木こりの子供・マークは金髪に灰紫の瞳を持つ「悪魔」と遭遇するが……。

 エドガーが幸せだった頃のある一日を描く。10歳前後かと思われますが、まあ何というかこんな子供のころからエドガーは「エドガー」だったというわけで(笑)。陰でかなりのやんちゃをしていながら、天使の微笑みで女性陣を骨抜きにするまさに小悪魔・エドガーなのでした。


 ミニアチュールの恋人

 結婚直前のある夜、友人たちと初恋話を賭けてカードに興じるエドガー。彼が思い出したのは初恋ではなく、叔父の恋人だったある女性の面影だった……。

 11歳のエドガーと叔父との思い出を描いたお話。叔父の切ない恋に絡めて、エドガーが彼から大切な言葉をもらう物語です。それがエドガーの心の片隅にずっとあり、後にリディアを見出したのだと思うと、とても感慨深いものがあります。


 約束がかなうときまで

 結婚間近のエドガーとリディアの肖像画を描きたいポール。しかし著名な肖像画家が営業をかけているのを知り躊躇してしまう。そこで思いだしたのは、エドガーとの出会いだった。

 エドガーとポールの出会い編。将来に悩んでいたポールが、エドガーとの交流の中で道を見出すお話で、その記憶を反芻した現在のポールも自信を取り戻す、という感じ。エドガーがなかなかの活躍ぶりですな。その時の本心を知ると笑っちゃうんですけどね。二人の絆、よいものです。


 おかえり、花が香る間に

 結婚して4日目、エドガーはリディアからロタと旅行に行きたいとの「おねだり」をされて。

 新婚夫婦の愛を描いた作品?エドガーのリディアへの深い愛情が伝わってくる物語でした。温かくて優しくて、胸一杯です。
 ていうか、旅行の許可をくれないエドガーを「うん」と言わせるにはどうしたら?というところで、レイヴンが「おあずけにすればいいと思います」と真顔でいうのに盛大に吹いたよ!


 かわいい愛玩動物(ペット)にご用心

 リディアが海の水棲馬の卵に魅入られてしまう。孵化する際まず温めた人間の女を餌とするというのだが、リディアは卵を手放したがらず……。

 新婚夫婦に訪れた妖精絡みの事件。リディアを助けるにはケルピーに委ねるしかない、ということでどうするんだーとドキドキ。そしてエドガーがとった解決方法にああ!その手が!と膝ポン。彼女たち、最強だな!


 指抜き(シンブル)は純潔の誓い

 エドガーから贈られた美しい指抜きによって異界に呼びこまれてしまったリディア。そこで以前の持ち主から、「本当の持ち主」に指抜きを返して欲しいと依頼される。しかし「本当の持ち主」は、無垢な者しか寄せ付けないらしく、ケリーがその役を買って出るが……。
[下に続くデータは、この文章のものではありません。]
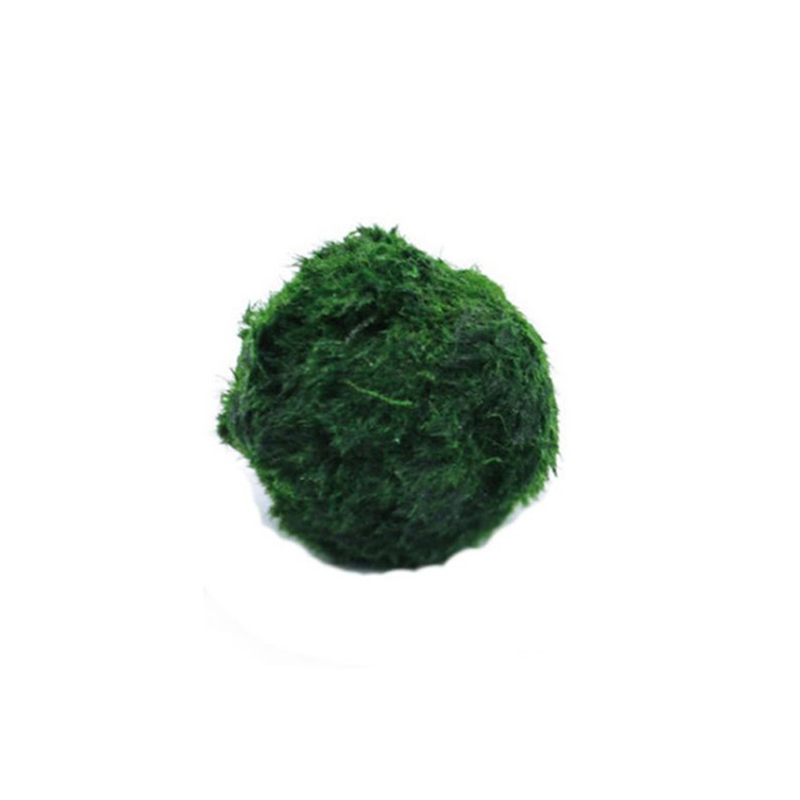 3-4cm Marimo Moss Balls Live A - Aquarium Plant Echinodorus 评论和价格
 笑いどころが多くて死ぬかと思いました。無垢なふりをするため、リディアから「おあずけ」されそうになったエドガーの反応とか、レイヴンがケリー=生娘説に疑いを抱くとか。
 そんなこんなですが、思い描いていた結婚生活との違いに戸惑うリディアだけど、エドガーは歩み寄ってくれて、周囲には助けてくれる仲間がいる、だから頑張れるといった素敵なお話でした。


 愛しき人へ十二夜の祈りを

 マナーン島で十二夜を過ごすことになった伯爵夫妻。ところが、十二夜ケーキに入れるそら豆妖精が行方不明。彼らを捜し、リディアは過去を映すドールハウスに入り込むが……。
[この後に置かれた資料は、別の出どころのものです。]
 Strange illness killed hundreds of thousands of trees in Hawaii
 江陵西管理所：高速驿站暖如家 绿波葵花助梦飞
 エドガーの封印した過去、シルヴァンフォード大公家崩壊を描く。現在と過去が交互に語られていきます。読み応えアリで番外編で消化してしまうのはちょっと勿体ない感じのお話です。
 過去話についてはただただ切なくなるばかりでしたが、エドガーとリディアが過去を共有することで、エドガーに救いが齎されたことには泣きたいくらいの幸せを感じました。
 とりあえず、ロタ×ポールにはニヤニヤ。ポールがんばれ、超がんばれ。